Understanding File Processing in C++

Files are used to store large amounts of data in the secondary storage devices such as hard drives, optical disks, tapes, and so forth. We store data in variables and arrays, but they are temporary or non-persistent. To store persistent data, we generally use two types of file structures: flat files (unordered) or databases (ordered). Data stored in a database are naturally ordered due to the complicated logic applied to its storage and retrieval policy. In most cases, a data manager keeps watch on them. This makes them expensive in terms of complexity. Flat files, on the other hand, are simple and inexpensive. Unlike databases, there is no manager associated nor rules applied to its storage and retrieval process unless externally applied by a program’s logic. Here in this article, we shall illustrate an overview of file handling and how effectively we can use common files through C++ program logic.

Overview of a Data Item

At the core, data items are reduced to a combination of bits represented by zeros and ones. The smallest unit of data item designated by data type, char, occupies one byte (1 byte=8 bits, 1 bit=0/1) of memory. C++ also supports a data type called wchar_t, which is more than one byte, to support a wider character set, such as Unicode characters. Therefore, when we store ‘A’, we are actually storing 65 (01000001 in binary, according to the ASCII character set).

#include <iostream>
#include <iomanip>
#include <bitset>
using namespace std;

int main() {
   int c=65;
   cout<<"A = "<<static_cast<char>(c)<<" cast to char"<<endl;
   cout<<"A = "<<bitset<8>(c)<<" in 8 bit binary"<<endl;
   cout<<"A = "<<bitset<16>(c)<<" in 16 bit binary"<<endl;
   cout<<"A = "<<oct<<c<<" in octal"<<endl;
   cout<<"A = "<<hex<<c<<" in hexadecimal"<<endl;
   cout<<"A = "<<dec<<c<<" in decimal"<<endl;
   // Or simply, cout<<"A = "<<c<<" in decimal"<<endl;
   return 0;
}

Output

A = A cast to char
A = 01000001 in 8 bit binary
A = 0000000001000001 in 16 bit binary
A = 101 in octal
A = 41 in hexadecimal
A = 65 in decimal

File Processing in C++

In C++ file processing, files are nothing but a sequence of bytes without any structure. A file either ends with a specific byte number maintained by the underlying platforms administrative data structure or with a marker called EOF (end-of-file).

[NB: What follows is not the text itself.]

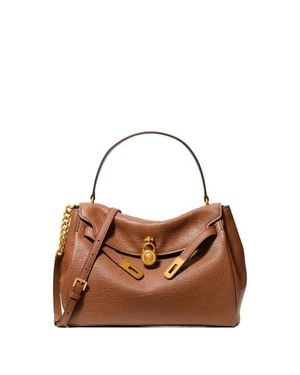 Michael Kors Borsa Manico Donna Luggage - Marrone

As we open a file, an object is created. This object is associated with a stream. This stream provides the communicating channel between the program and the file. The cin (standard input) and cout (standard output) objects that we commonly use in C++ are nothing but the objects that open up the channel for input streaming from the keyboard and output streaming to the screen, respectively.

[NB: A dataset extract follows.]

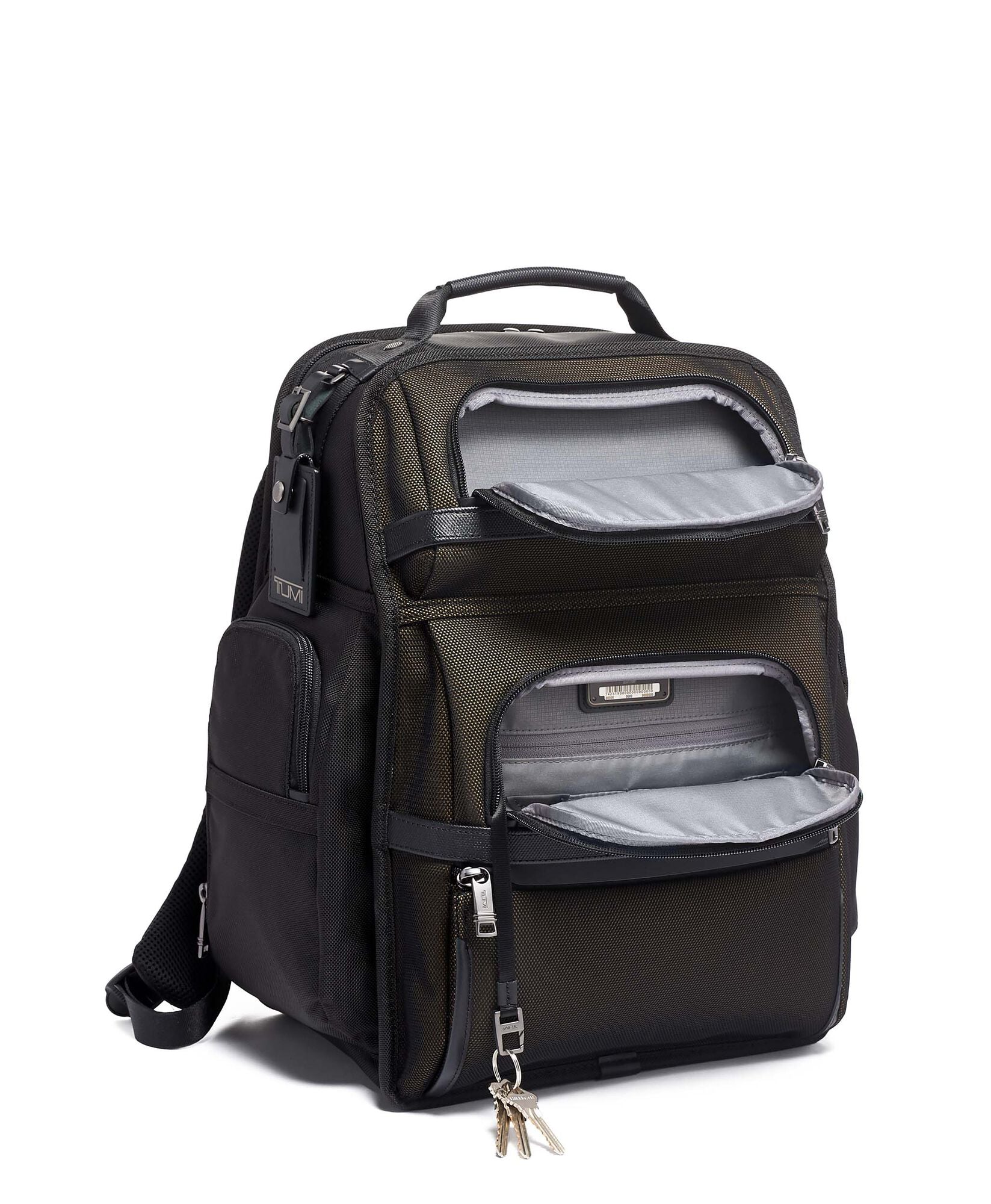 tumi alpha 3 backpack Tumi Alpha 3 Office backpack TUMI Brief Pack Reflective Multi 130565-8 – De Santis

In this regard, it is worth mentioning that all the devices in computing are also considered as files (device files). As a result, there is not much of a difference in the way data items are streamed in and out into a flat file or device files like a printer, screen, or keyboard. However, there are restrictions on the mode of access, such read-only, write-only, or read, write both.

Similarly, there are cerr and clog, standard error objects to print error messages of a program. The header file <iostream> includes these standard I/O objects. The header file <fstream> is used for file handling. This header file defines stream class template, such as basic_ifstream for file input, basic_ofstream for file output, and basic_fstream for file input and output. Apart from this, there are several typedefs that create aliases, such as ifstream for basic_ifstream, which enables char input from a file. And, the typedef ofstream creates an alias for basic_ofstream that enables char output to a file.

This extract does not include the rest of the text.